Necessary Lies(13)



He smiled when he saw her approaching, a smile of relief.

“Dinner?” he asked.

She loved these long, unhurried dinners, with dishes arriving one by one, filling her with delicate flavours. For the first time in her life she tasted escargots, black bean soup, the pink flesh of grilled salmon, green flowers of broccoli. She was insatiable, always looking hungrily at the colourful plates, eating far too much, as if to make up for lost years.

She nodded. If there was already something irreversible about this evening, something that made it different from all the others, she was trying not to think about it.

“So,” he asked when they sat down, the flame of a candle wavering between them. The day before she had promised to tell him why she was so fascinated by her emigré writers, stories scattered in emigré papers, thin volumes of poems printed by the small presses of London, Chicago, Montreal. As if the mere act of leaving anointed people with some mystical, unexplainable superiority. As if they could see more.

“Isn’t it a prisoner’s dream?” he asked.

The question troubled her. In Poland she would never think of the need to defend the importance of these exiled voices from abroad. Her interests might be declared suspect or embarrassing to her department, dangerous perhaps, but they would never be questioned like that.

“Dangerous?”

“Of course! After all,” she said, “they defected.” He waited for her to continue.

“And yet,” she added, “for us they were never absent.”

If they pined after Poland as they were scrubbing capitalist floors or committed suicide by jumping from their New York windows, she told William, then such writers could count on scraps of official memory. They were of use to the Communist government; their failure scored points against the West, poisoned the illusions, proved that happiness on the other side of the Wall was a mirage. If they denounced the crimes of the post-war years, kept alive the memory of Stalin’s betrayals, their words were smuggled into the country in the pockets of travellers and reprinted in the underground presses.

“In Poland it wasn’t easy to get to them,” she said.

She had to get letters of recommendation from her research supervisor and a special permit from the censor before she was allowed to open yellowed copies of emigré newspapers in the Wroclaw library. Provided she did not make photocopies of the material that the old wrinkled librarian grudgingly placed on her table.

But, there, in Poland it was all a ruse. An excuse to get facts for Piotr’s bulletins. In the 1930s ten million Ukrainian peasants were starved to death on Stalin’s orders. In the Soviet Gulag, before the guards could stop them, prisoners devoured the frozen meat of a mammoth. In orphanages, the children of dissidents were taught to worship the great Stalin, their true and only father. Near Katy, Charkov, and Pver, the Soviet NKVD executed fifteen thousand Polish officers, prisoners of war, and, when in 1943 the mass graves were discovered, blamed the crime on the Germans.
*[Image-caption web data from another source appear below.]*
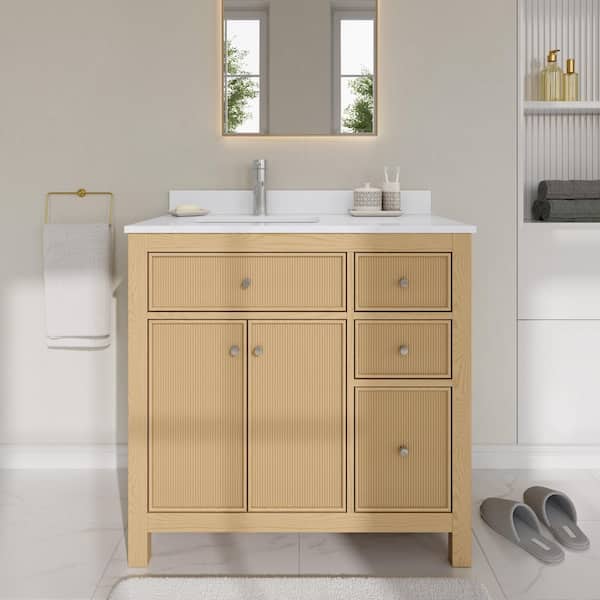 Pendry 36 in. Single Freestanding Tanned Oak Bath Vanity with White Quartz Top Assembled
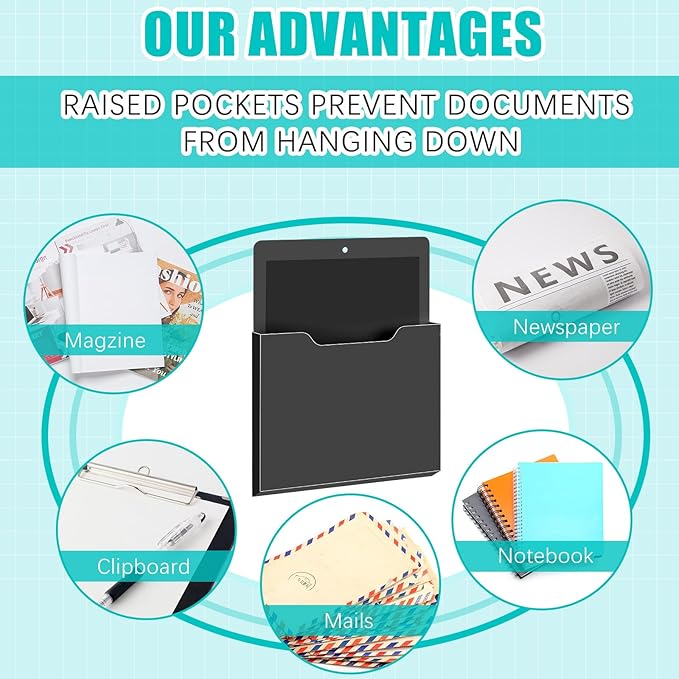 Feifeiya 2 Pcs Magnetic File Folder Wall Hanging Holder Large Pocket Paper Magazine Mail Organizer for Refrigerator Classroom Locker Whiteboard(Vertical,Black White,12.2 x 9.4 Inches)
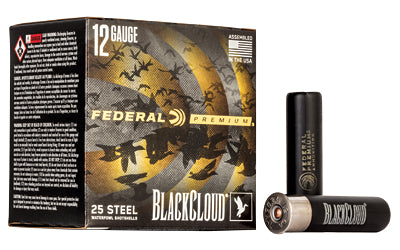 Federal, Premium, Black Cloud FS Steel with Flightcontrol Flex Wad, 12 Gauge 3.5", #BB, 1 1/2oz, Steel Shot  (250 Round Case)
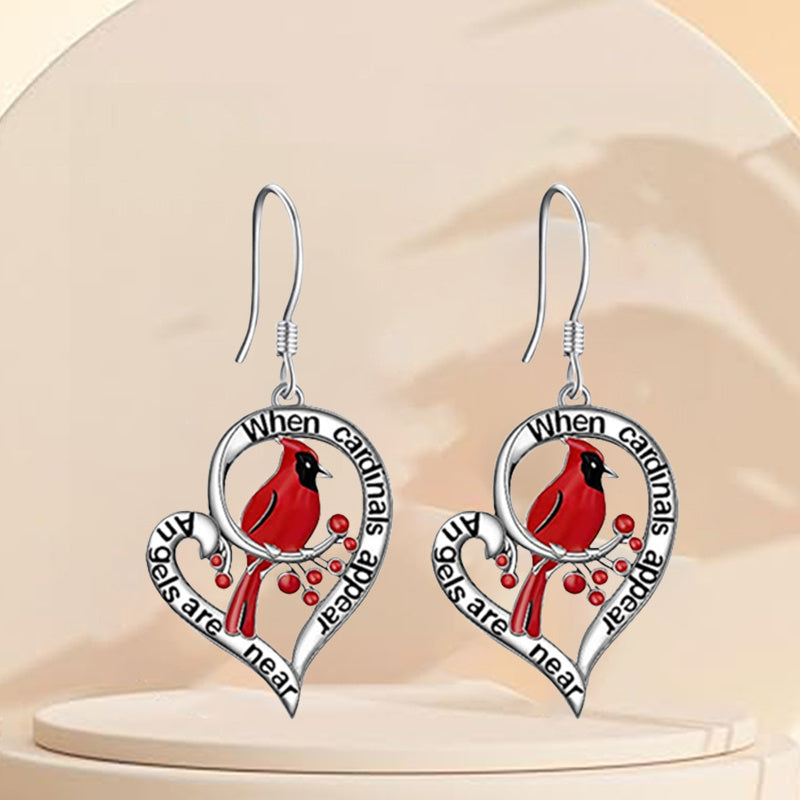 Charming Heart-Shaped Cardinal Pendant Earrings - Versatile Hollow Design - Ideal for Christmas, Halloween, Thanksgiving Gifts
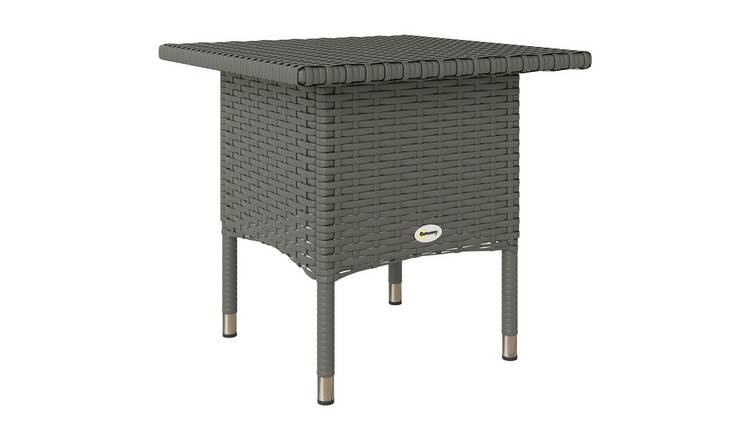 Outsunny PE Rattan and Steel Side Table - Grey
Here, in Montreal, she sank into the descriptions of the lost Eastern lands, the sandy banks of the Niemen river and the depths of the Lithuanian forests. It was a forced exodus. When the post-war borders moved westward, the Polish inhabitants of Vilnius and Lvov had to leave or become Soviet citizens. She read of the trek of the displaced that ended in the former German lands, in Wroclaw and Szczecin, in the villages of Lower Silesia and Pomerania. A flood of people, tired, defeated, humiliated, mourning their dead, remembering the minute details of houses left behind, the creaking floors, the holy pictures. These people whose towns and villages were cut off by the borders of barbed wire and ploughed fields became her Wroclaw neighbours. “Where are you really from?” they began all conversations, “How did you get here?”

“I was lucky,” Babcia would say. She had left Tarnopol, a small town east of Lvov, in the 20s. Her parents were still buried there. On All Souls Day there was no one to light candles on their graves.

Her immigrant scribblers, William used to call her emigré writers, tending their marble graves. “Have you noticed,” he kept asking Anna, “that whether written in London, Toronto, Sydney or Geneva, the tunes of lament are always the same? Is there nothing out there but what you’ve known before?”

That’s what Anna tried to explain to William that night. “They are remembering the forbidden,” she said. “That’s what I am trying to do, too.”

“What if nothing is forbidden?” he asked. “What then?”

She thought about it, sipping her wine, making little circles on the tablecloth with her fingernails.

“I can’t imagine it yet,” she said.

The wine was beginning to soften her tense muscles. She took a bite of bruschetta the waitress placed between them on the white tablecloth.

“You do love your husband, don’t you?” William asked her.

She saw that William looked away when he said it. So she, too, only permitted herself to stare at his hands. Tanned, slim hands, long fingers softly folding a dinner napkin, or tracing the shape of his beard. She was playing with the strands of wax dripping from the candle. She must have shivered then, for he put his hand over hers, and, quickly took it away.

“I’m starving,” she said and took another bite of bruschetta. The piece of tomato slid from the bread and fell on the tablecloth. She picked it up and tried to soak the stain with her napkin.